- Data shown -
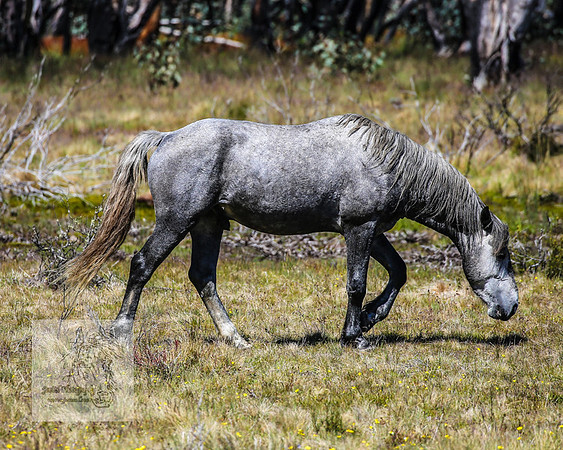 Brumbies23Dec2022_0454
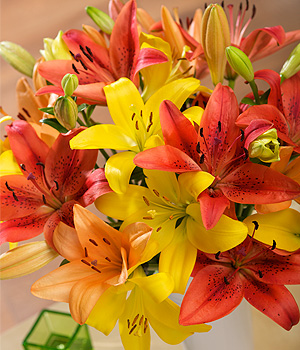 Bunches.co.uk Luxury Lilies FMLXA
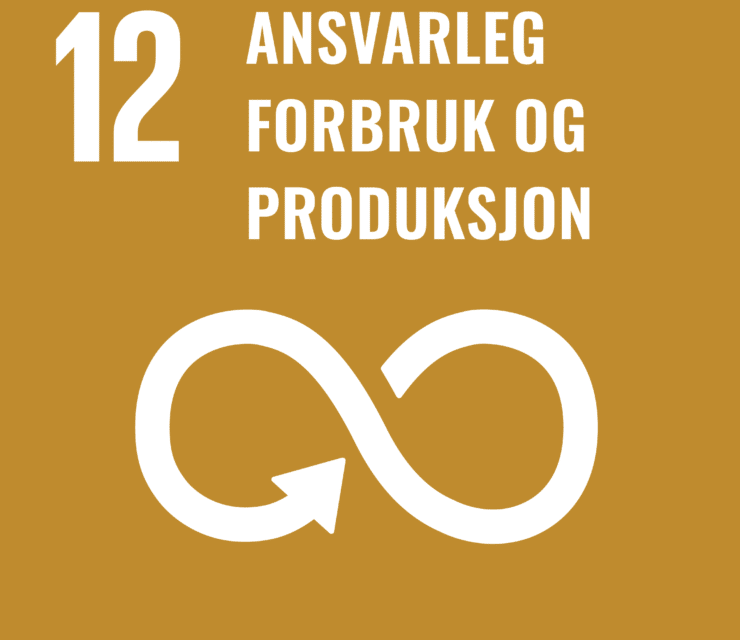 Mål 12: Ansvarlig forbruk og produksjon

- Work to complete -
All that should be printed is the lines from the one containing "Bunches.co.uk Luxury Lilies FMLXA" through the last line of the material above, both ends included, exactly as they stand; please skip the pictures.

- Answer area -
 Bunches.co.uk Luxury Lilies FMLXA
 Mål 12: Ansvarlig forbruk og produksjon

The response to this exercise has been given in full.